SHIP’S MASTER GEORGE EDWARD ANDREW, MERCHANTILE MARINE, STEAMSHIP MONTEBELLO. LOST AT SEA 21st JUNE 1918 AGED 49 YEARS.
SHIP’S
MASTER GEORGE EDWARD ANDREW, MERCHANTILE MARINE, STEAMSHIP MONTEBELLO. LOST AT
SEA 21st JUNE 1918 AGED 49 YEARS.
George Andrew was born in Howden Workhouse in East
Yorkshire where his father Henry was the Master and his mother Ellen the
Matron. The youngest of five children he lived in the workhouse throughout his
childhood, although, he would have suffered none of the privations that were
imposed upon the inmates. Evidence suggests that George joined the Merchant
Navy when he was about 15 as an apprentice sailing out of the port at Greenock
in Scotland. In 1896 he had qualified as a First Mate and two years later as Master,
which would have allowed him to captain ships from Britain to foreign ports. It
appears that he then worked for Thomas Wilson Sons and Co, who owned a large
fleet of ships mostly operating out of Hull.

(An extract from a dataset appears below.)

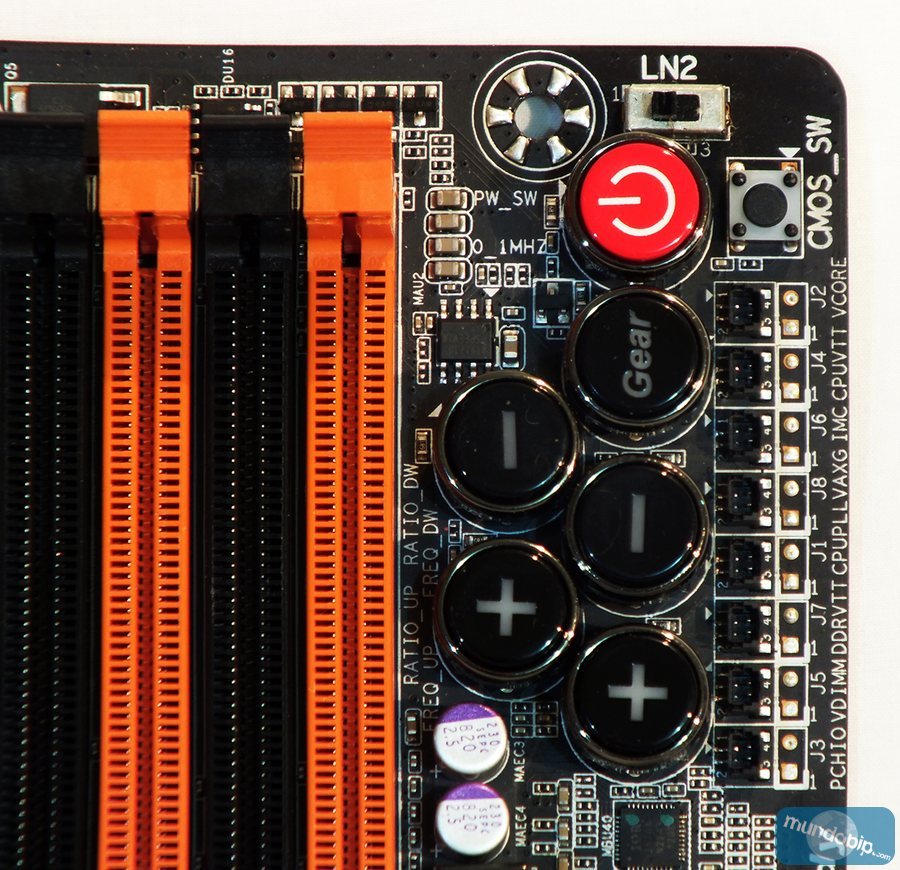 Botones OC Gigabyte GA-Z77X-UP7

It is believed that George married a woman called
Annie Precious in Poplar London in 1901 and by 1913 her name appears on the
electoral register for Ilkley when she was living at 13 Alexandra Crescent. She
would remain at the house till well after the war and seems to have spend much
of her remaining life in the town.
In June 1918 George took charge of the SS Montebello
a 4.324 ton steamer which had been built in 1911 in Hull. The ship set sail
from London bound for Hampton Roads Virginia, USA. Travelling on its own and
not in a convoy it was 320 miles of the French coast at Ushant when it was
spotted by the U100 captained by Degenhaut von Loe. He attacked using torpedoes
which struck and sank the ship. All 41 crew members were lost including George
Andrew.
Sadly, George Andrew’s name is not recorded on our
war memorial which may be because he was not a member of the armed forces.
However, his name if on the Tower Hill Memorial to the missing of the Merchant
Navy and Fishing Fleets who have no grave but the sea.